A recent study revealed the association between hair straightening chemicals and an increased risk of uterine cancer. This study was conducted by the National Institutes of Health (NIH) and was published in the Journal of the National Cancer Institute. The observations of the study reported the harmful side effects of chemicals used in the hair straightening process including its risk in the causation of uterine cancer in women.
Before this, other studies linked hair straightening chemicals to the increased risk of hormonal cancers such as breast cancer and ovarian cancer. Now, this recent study established the link between straightening product chemicals and uterine cancer.

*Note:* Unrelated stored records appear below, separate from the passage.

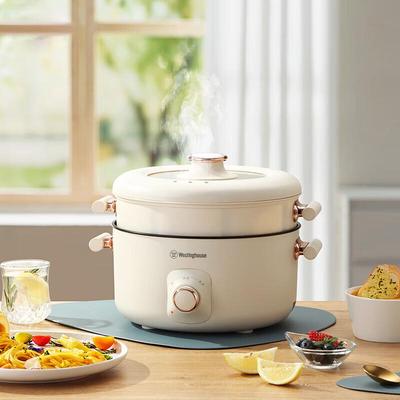 Westinghouse 5L Multi-function Electric Hot Pot CN Plug (adapter Included)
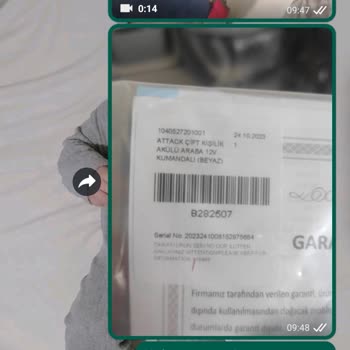 Pilsan Oyuncak Bir Sen Atak Çift Kişilik Akülü Araç Teyp Arızası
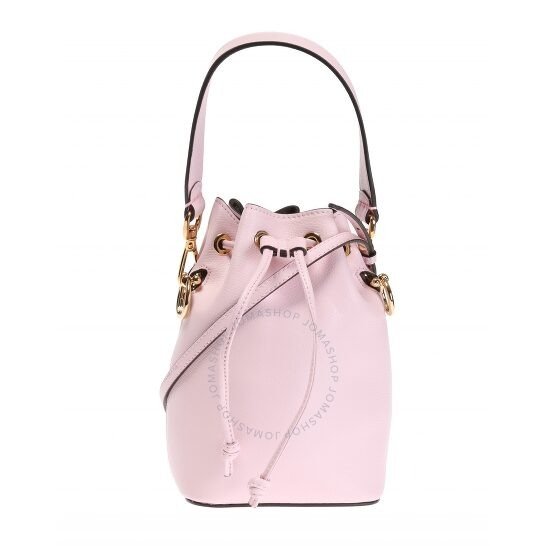 Ladies Mon Tresor Pink Leather Bag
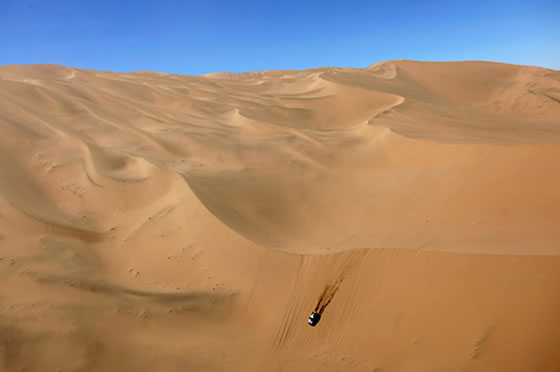 Impresionantes fotos de la última edición del Dakar 2011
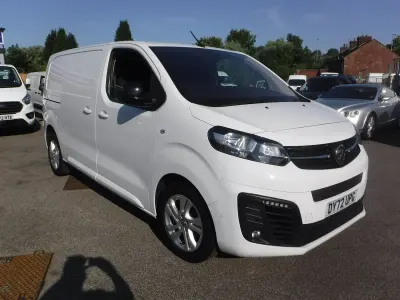 Used Vauxhall Vivaro Elite 145 HP (106 kW) 2023 White MPV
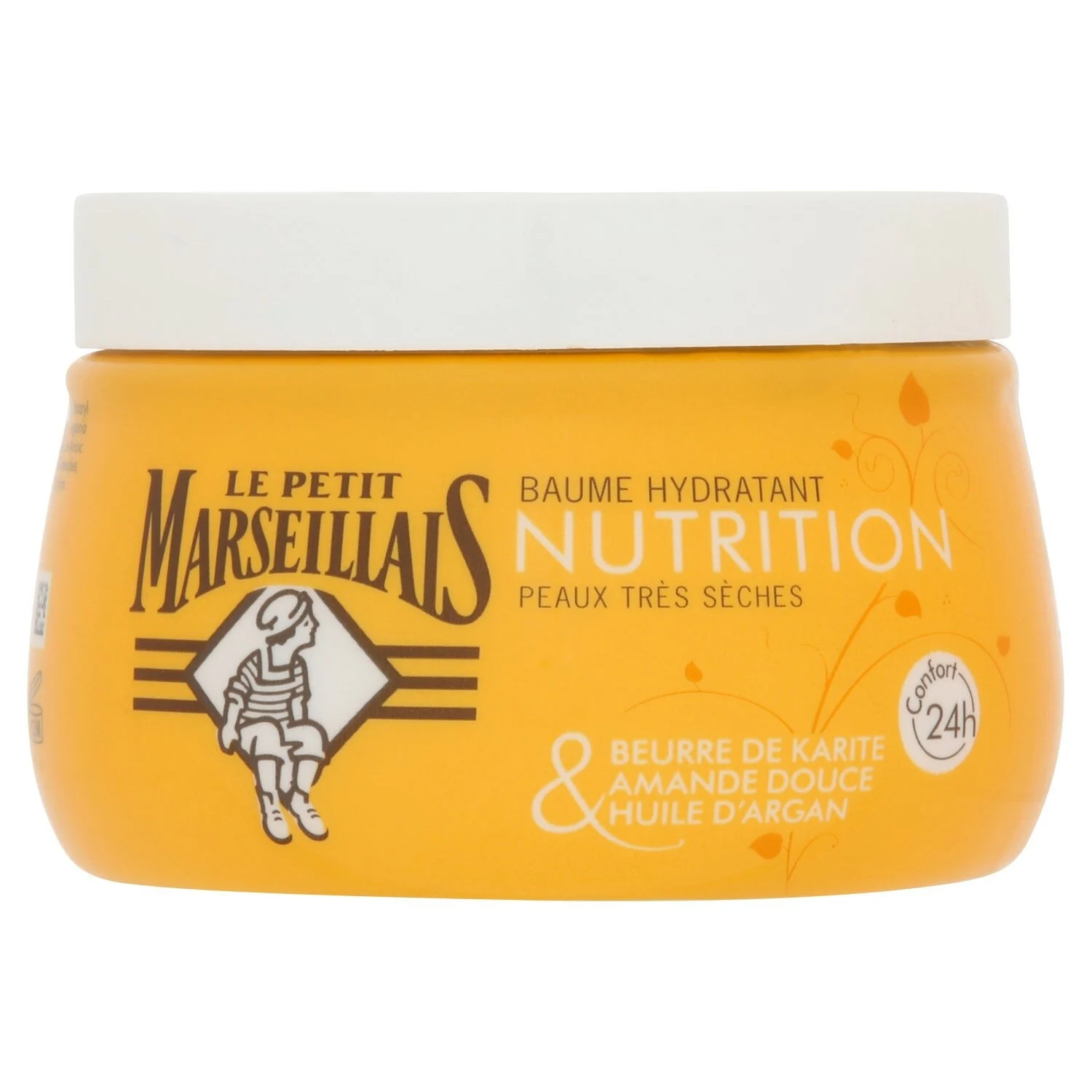 Shea almond argan moisturizing balm 250ml - LE PETIT MARSEILLAIS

The study included 33497 female participants aged from 35-74 years.
The study was led by the National Institute of Environmental Health Sciences (NIEHS) and the participants were observed for 11 years. During the observational periods, almost 378 cases of uterine cancer were reported in female participants.
The study outcomes estimate that the risk of uterine cancer development was significantly higher in females who use hair straightening products as compared to those who don’t. The risk of uterine cancer was two times increased in the females who frequently use hair straightening products.
Talking on this, Alexandra White, lead author and Head of the NIEHS Environment and Epidemiology group said, “We estimated that 1.64% of women who never used hair straighteners would go on to develop uterine cancer by the age of 70; but for frequent users, that risk goes up to 4.05%,”
“This doubling rate is concerning. However, it is important to put this information into context - uterine cancer is a relatively rare type of cancer.” White added. Researchers also suggested that several chemicals might be contributors to uterine cancer in females including parabens, bisphenol A, metals, and formaldehyde. However, no specific products were identified during the study.
“To our knowledge, this is the first epidemiologic study that examined the relationship between straightener use and uterine cancer,” said White. She also said, “More research is needed to confirm these findings in different populations, to determine if hair products contribute to health disparities in uterine cancer, and to identify the specific chemicals that may be increasing the risk of cancers in women.”